Here’s a lesson I learned yesterday: if you’re the nervous type, buying insurance is probably NOT going to be a fun experience. For ages, I’ve been meaning to get an umbrella policy set up, which is basically something that covers beyond your homeowners and car insurance in case of various disasters. One of my friends told me he had one, and said it was relatively cheap, and since you can’t be too careful, off I went to set it up. All good and easy, right? Until the woman at the insurance place—who was very nice and knowledgeable, and just doing her job—began to tell me all the reasons why I should have done this years ago. “Just imagine,” she said, “someone falls on your steps and gets really hurt. They sue you for more than your mortgage insurance, and then what? You lose your house?” What? I’m thinking. Good Lord. And don’t even get me started on the boat insurance we also need, even though my husband’s boat hasn’t left our yard in over a year. “What if,” she said, “you’re out on the water and hit a stump and someone goes flying overboard? Then they sue you and…” We lose the house. Everything seems to end with losing the house. When I pointed out the whole landlocked thing, she said, “Okay. But suppose you’re out of town, and some neighbor kids are crawling around on your boat in your yard. One of them falls off, and gets hurt. The parents sue you. And then…” Well, by now you probably know where this is going. Suffice to say, by the time I left I was a nervous wreck, scared to even pull out into traffic. God, the world is just so DANGEROUS! I didn’t even know!
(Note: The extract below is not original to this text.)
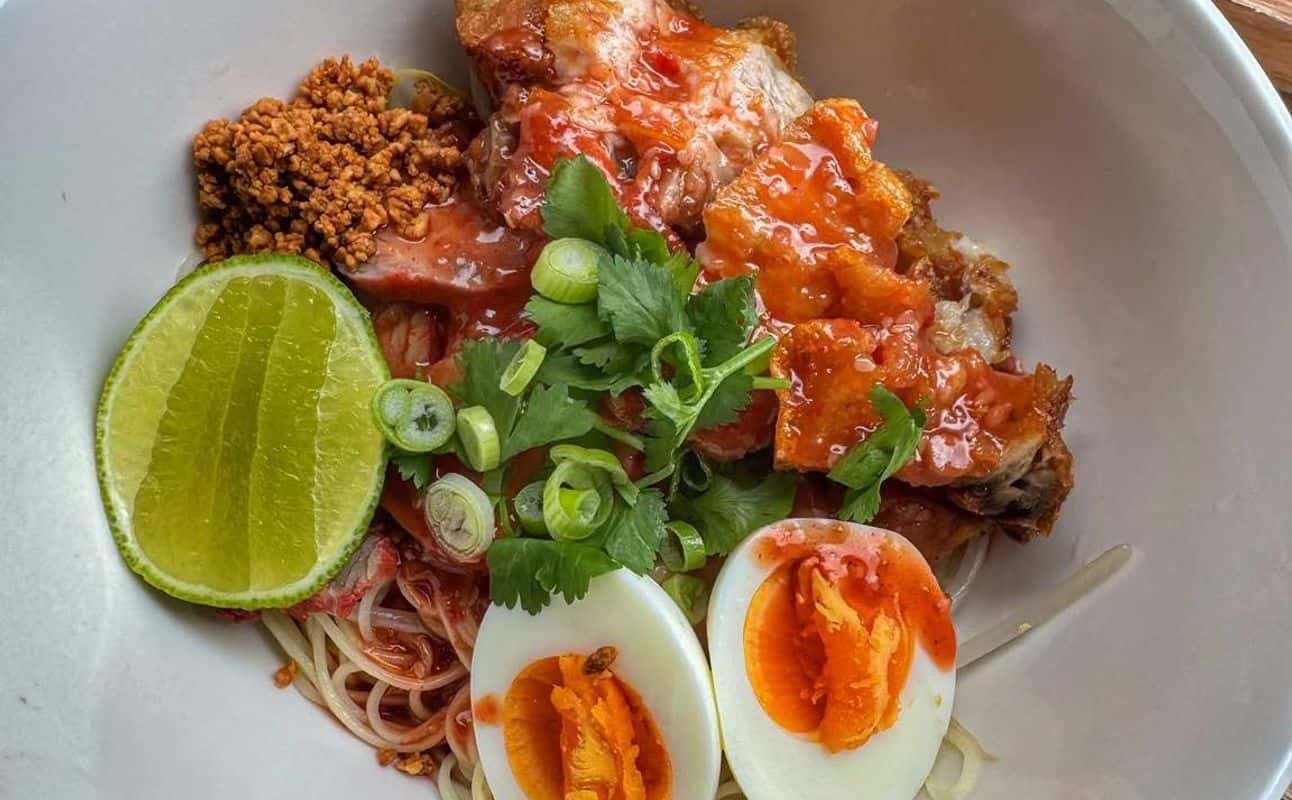 Enjoy Thai, Gluten Free options, Vegan options, Restaurant, Dog friendly, Non-smoking, Private dining, Wheelchair accessible, $$, Groups and Families cuisine at Jack Thai in Newcastle City Centre, Newcastle upon Tyne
Actually, I did. I do. But I prefer not to think about it on a constant basis, because I know from experience that only leads to total insanity. Lucky for me, I don’t sell insurance for a living. If I had to think about all this risk all the time I’d probably spend all my time in the fetal position under my desk. (As opposed to being a writer, when this is only necessary during the finish of a first draft, or during particularly tough patches of revising.) It’s so easy to get scared, you know? And so much harder to get fearless again. But I’m working on it. Maybe we all are.
I was thinking all this when I left the office, which is very near a rental house I used to live in many, many years ago. So I decided to swing by and take a look at it, for old time’s sake. (Also to avoid major intersections, at least until I calmed down.) There’s something both odd and soothing about being able to so easily revisit your past: a few turns, a couple of blocks, and there it was the house we lived in when I was finishing up at UNC. My dog Elwood was still alive, Scout was just a puppy, and I, as an English major, could quote major British poets without effort. (Ah, memories.) I pulled up at the curb, just looking it, thinking how much had changed since I’d lived there. So many years, so much danger both encountered and avoided. But just as I thought this, I looked closer at the mailbox and saw, there, a small group of grape hyacinth flowers, as well as a couple of daffodils. And I realized: I planted those flowers. All those years ago, they were the first bulbs I EVER planted, in fact, in that exact same spot. I knew they were mine because I’d followed the directions so carefully, putting them far apart from each other: now, I know it’s okay to group them close, in clumps. Anyway, after all that fear, there was something strangely assuring knowing those flowers were still coming up, a good fourteen years or so later. Like with all there is to be afraid of, there are still some things that just keep on, one way or another, season after season, day by day.